Tuesday, 2 March 2004
By Sue Paterick

THE long wait is over with the announcement late yesterday afternoon that the Mid- North Coast Correctional Centre will not be privatised.

Talks over privatisation began in early January and about 200 people who had applied for jobs were left in limbo.

Principal industrial officer for the Prison Officers Vocational Branch of the Public Services Association John Scullion said the Department of Corrective Services and the union worked a deal involving work practices and an island award.

He said the award would cover only the State's three new jails at Kempsey, Dillwynia and Wellington.

But the big question over employment - when it will start - remains unanswered.

A spokeswoman for Justice Minister John Hatzistergos said a statement concerning the status of the jail and employment issues would not be made until some time today.

However, Mr Scullion said he believed there was a guarantee that a certain amount of staffing would be local residents in the Kempsey Shire, a decision he said the union totally supported.

"We have also asked that training be expedited as urgently as possible so people who want to work there can be trained, he said.

It is believed there will be no internal transfer list prepared for the three new jails.

All applicants will have to face an interview panel and be appointed by merit.

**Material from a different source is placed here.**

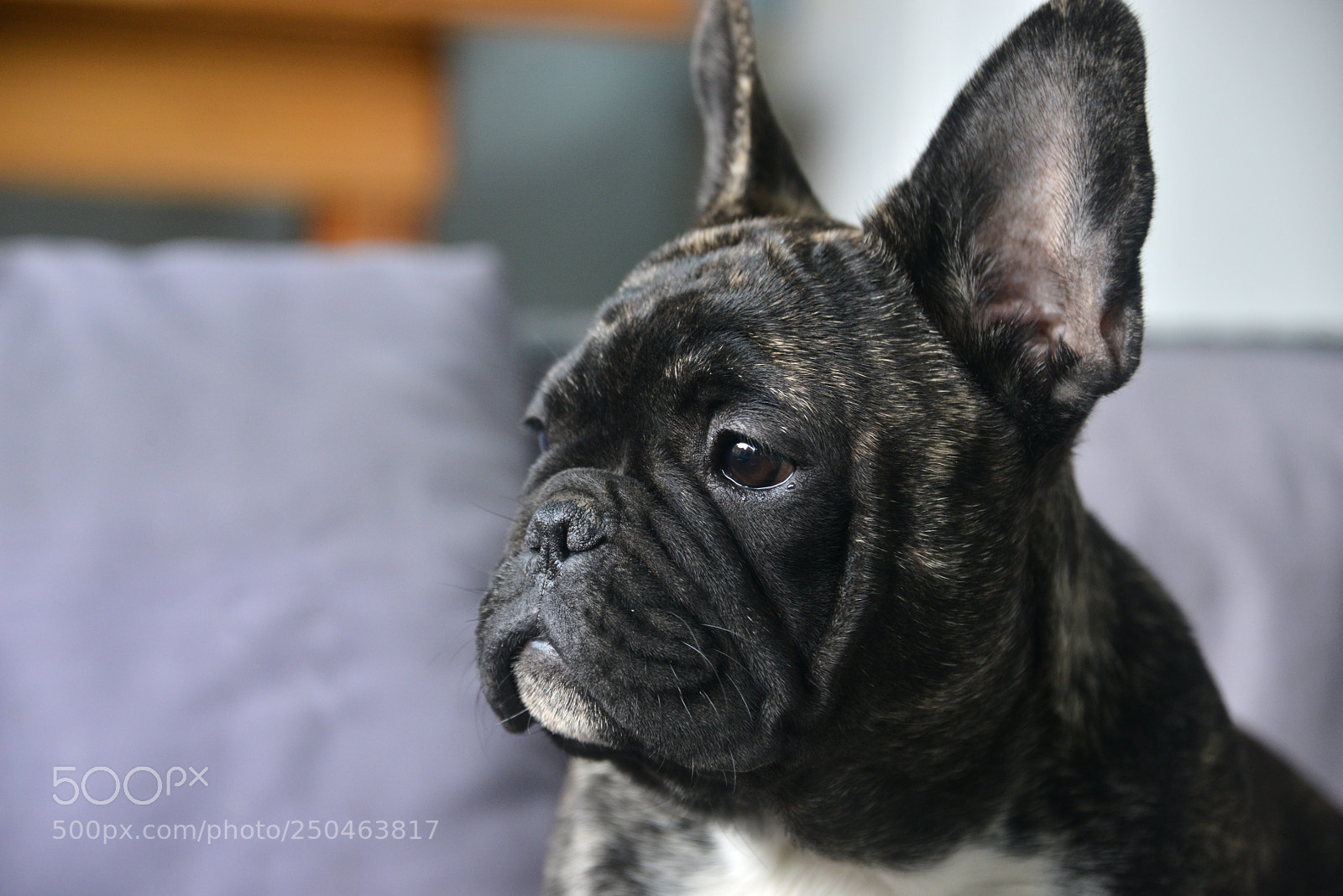 Nikon D800 sample photo. French bulldog puppy photography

Under the new award conditions will be slightly modified compared to the State Award for prison officers.

Mr Scullion said the key to keeping the centre public was a flat rate for overtime.

He said it was a big win for the union and until the past two weeks it was still thought the jails would be privatised.

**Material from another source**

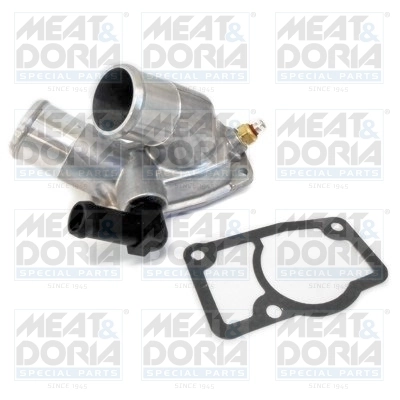 Thermostat, coolant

Even at a statewide delegates meeting on Thursday there was still a fear that the new centres would go private so 95 per cent of the 40 delegates present voted in favour of the union's recommendations to accept the island award.

"The other moving factor was the rundown conditions of the older jails in the State's country locations, Mr Scullion said.

"We could see them closing down and the inmates moved to private prisons buy that threat has been removed, Mr Scullion said.

"We can now take the time to fix them up.